Thus, the next president must find ways to convince Iran that America possesses the capability to carry out a successful strike. If Iran could be persuaded that the operation would be successful, the United States would not have to carry out the strike at all, because Iran would come to the negotiating table rather than run the risk of military action.
I quote from a sophomore essay in Princeton's undergraduate foreign affairs magazine, in part because it presents this mind-set so clearly. The claim that Iran will not come to the negotiating table is dubious; it is not Iran but the current administration which is unwilling to negotiate. However, since it is doubtful Iran will concede anything, the point is less than it might be.
But what interests me is the confident assumpttion: we can rely on the Iranian government, or indeed a statesman in general, not acting contrary to the immediate material interest of his state. From that we go into this application of game theory, and the art of making offers Iran can't refuse.
I don't blame a sophomore for believing this; it is a novel and illuminating picture of the world, and I'm sure some of the eminent realists Woody Woo has been hiring lately present it with great vigor; the only problem with it is that it does not describe reality; and there are all too many, no longer sophomores, who believe it.
Statesmen do act in ways harmful to the immediate net interest of their states; five empires willingly engaged in war in 1914; three of them were destroyed, and the gains to the survivors scarcely made up for the loss of capital and lives in the fighting. It would be interesting to make up a history of the world made up of such cases; it might, with enough cynicism, include almost all of human history. But I mean more than this; all parties in WWI vastly underestimated the costs, and overestimated the chances and profits of victory.
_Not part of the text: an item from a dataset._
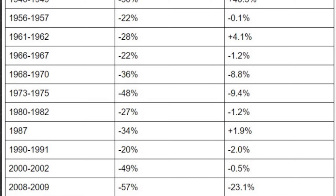1987: negative 34% for the S&P 500, but dividend change was plus 1.9% — dividend income actually rose even though the S&P fell 34%. 1990 through 1991: negative 20% on the S&P 500, and dividends went down 2%. 2000 through 2002, the dot-com bubble: negative 49% on the S&P 500, dividend change negative 0.5%.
Statesmen have chosen to go to war (and do other things, but war is the most obvious) when it was obvious when they did so that it would cost more than the terms of peace they were being offered. The current Gaza disaster may be an example, both sides of it; but there is an even clearer instance from our own history:
James K. Polk offered to buy California and New Mexico before the Mexican War; if he got his deal, he wouldn't go to war. He made the same mistake our sophomore does; his diary notes that he did not expect to have to fight, because the Mexicans would settle. They did not; they lost; they had to give up the same land, for less money. And it was predictable this would happen; the British minister in Mexico City, and the former Minister of Foreign Affairs, both warned them, and recommended they give in.
Realists may say that all concerned had no choice: if they ducked the war, they would fall from power anyway. I'm not sure that's true; there's an argument that Ehud Barak and Labor are doing best from this war, for example, not Kadima. But this does not save the argument we began with; Ahmedinejad may be similarly forced to fight rather than surrender the national pride.